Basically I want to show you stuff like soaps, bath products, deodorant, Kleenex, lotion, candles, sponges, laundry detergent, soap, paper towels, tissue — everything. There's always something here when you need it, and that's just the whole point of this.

---

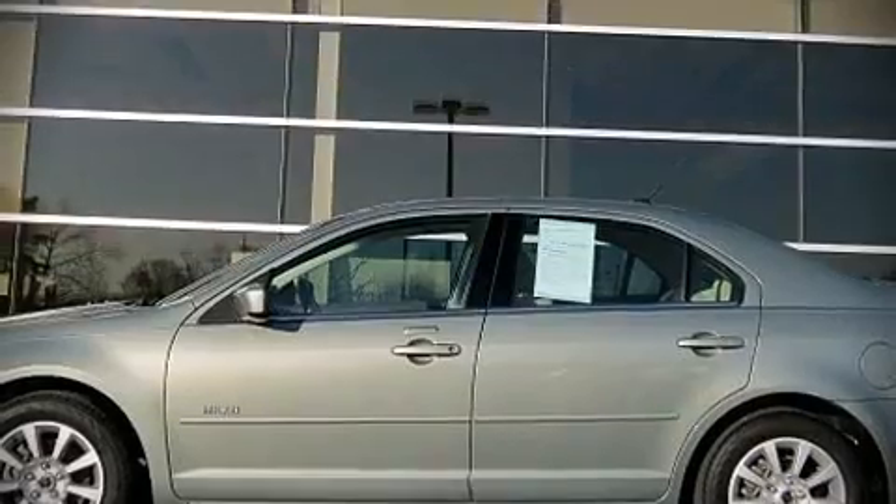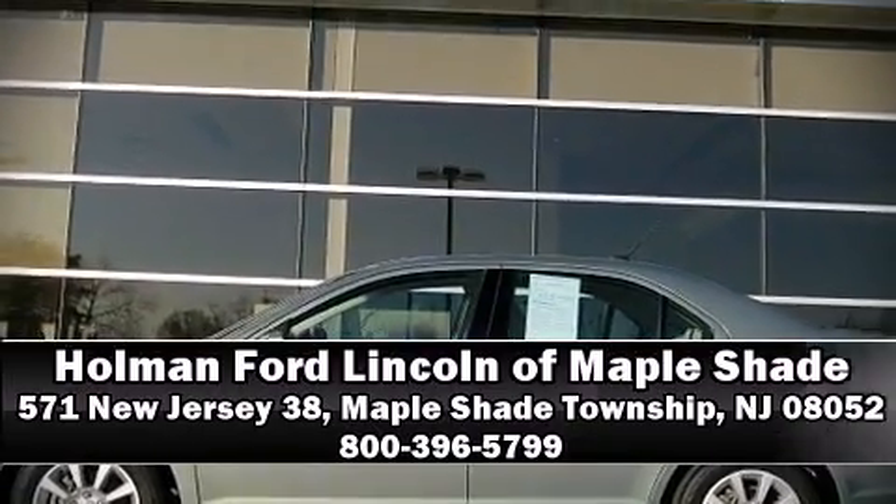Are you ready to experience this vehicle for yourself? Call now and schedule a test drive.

==

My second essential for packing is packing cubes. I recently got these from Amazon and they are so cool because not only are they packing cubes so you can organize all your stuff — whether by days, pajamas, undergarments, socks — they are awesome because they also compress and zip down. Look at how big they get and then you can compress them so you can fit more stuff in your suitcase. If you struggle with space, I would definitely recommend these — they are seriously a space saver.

- WHAT IS NEEDED: Scan the records above for the word "stuff" and return every line where it occurs.

- RESULT OF THIS TASK:
Basically I want to show you stuff like soaps, bath products, deodorant, Kleenex, lotion, candles, sponges, laundry detergent, soap, paper towels, tissue — everything. There's always something here when you need it, and that's just the whole point of this.
My second essential for packing is packing cubes. I recently got these from Amazon and they are so cool because not only are they packing cubes so you can organize all your stuff — whether by days, pajamas, undergarments, socks — they are awesome because they also compress and zip down. Look at how big they get and then you can compress them so you can fit more stuff in your suitcase. If you struggle with space, I would definitely recommend these — they are seriously a space saver.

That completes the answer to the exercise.